Bug: payload validation is skipped when item is returned via `ReturnValuesOnConditionCheckFailure` #3781

dreamorosi · 2024-02-16T16:48:32Z

Expected Behaviour

When making a function idempotent via the @idempotent decorator and enabling payload validation the Idempotency utility should raise a payload validation exception when the payload in subsequent requests differs from the one stored.

With this configuration:

persistence_layer = DynamoDBPersistenceLayer(table_name=os.environ["TABLE_NAME"])
config = IdempotencyConfig(
    event_key_jmespath='["rcn", "subscriptionType"]',
    payload_validation_jmespath="customerAccounts",
)

we are using two fields from the payload to generate the idempotency hash (rcn and subscriptionType) but we are using a different key (customerAccounts) for payload validation.

If we send the following two requests:

{
  "rcn": "RCN-000-000-000-000",
  "customerAccounts": {
    "customerAccount": [
      {
        "accountId": "12345",
        "accountType": "someaccounttype"
      }
    ]
  },
  "subscriptionType": "somesubscriptiontype"
}

and

{
  "rcn": "RCN-000-000-000-000",
  "customerAccounts": {
    "customerAccount": [
      {
        "accountId": "54321",
        "accountType": "someaccounttype"
      }
    ]
  },
  "subscriptionType": "somesubscriptiontype"
}

These two requests should be considered idempotent because the compound value of rcn and subscriptionType is the same across requests.

At the same time, the values under customerAccounts have changed between requests (note customerAccounts.customerAccount[0].accountId being different).
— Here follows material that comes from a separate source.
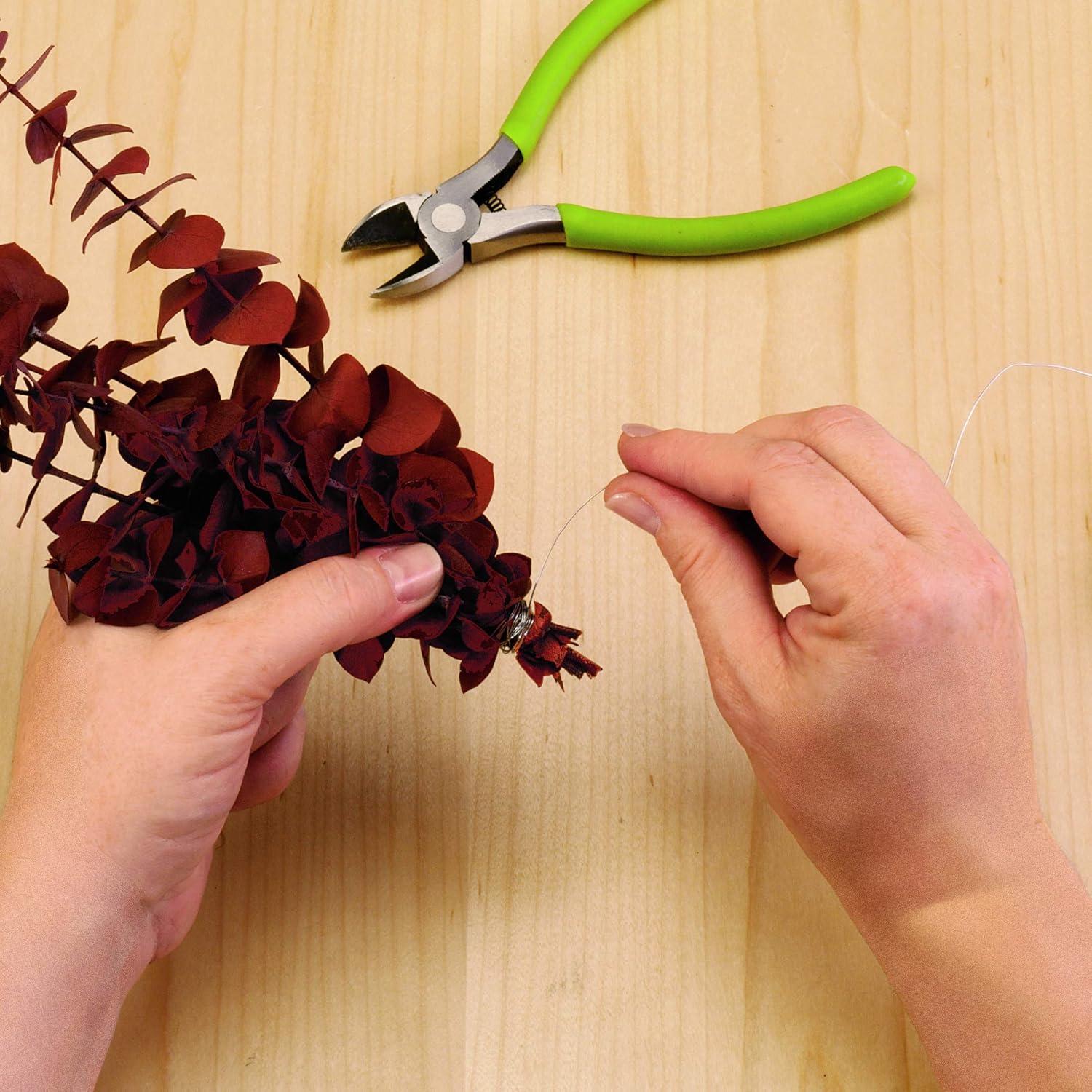 Alambre Floral 26 Calibres FloraCraft 82 Metros Plata Brillante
This means the payload validation should fail in the second request.

Current Behaviour

The function does not throw a validation error even though payload validation is enabled and parts of the payload differ from the stored one.

See screenshot below, where I send both requests and both are successful:

Code snippet

import os
from aws_lambda_powertools.utilities.idempotency import (
    DynamoDBPersistenceLayer,
    IdempotencyConfig,
    idempotent,
)
from aws_lambda_powertools.utilities.typing import LambdaContext

persistence_layer = DynamoDBPersistenceLayer(table_name=os.environ["TABLE_NAME"])
config = IdempotencyConfig(
    event_key_jmespath='["rcn", "subscriptionType"]',
    payload_validation_jmespath="customerAccounts",
)

@idempotent(persistence_store=persistence_layer, config=config)
def handler(event: dict, context: LambdaContext):
    return True

Possible Solution

As part of a feature added in #3446 we are using DynamoDB ReturnValuesOnConditionCheckFailure whenever available. This feature allows the DynamoDB to return an item that caused a conditional operation to fail, which in turn allows the Idempotency utility to get the IdempotencyRecord of a request without having to do an additional read.

In the base idempotency class (here), we have added an if/else statement that uses the returned item when available, or otherwise it calls the _get_idemptoency_record() method when one is not available - this last case can happen when customers are using older versions of boto3.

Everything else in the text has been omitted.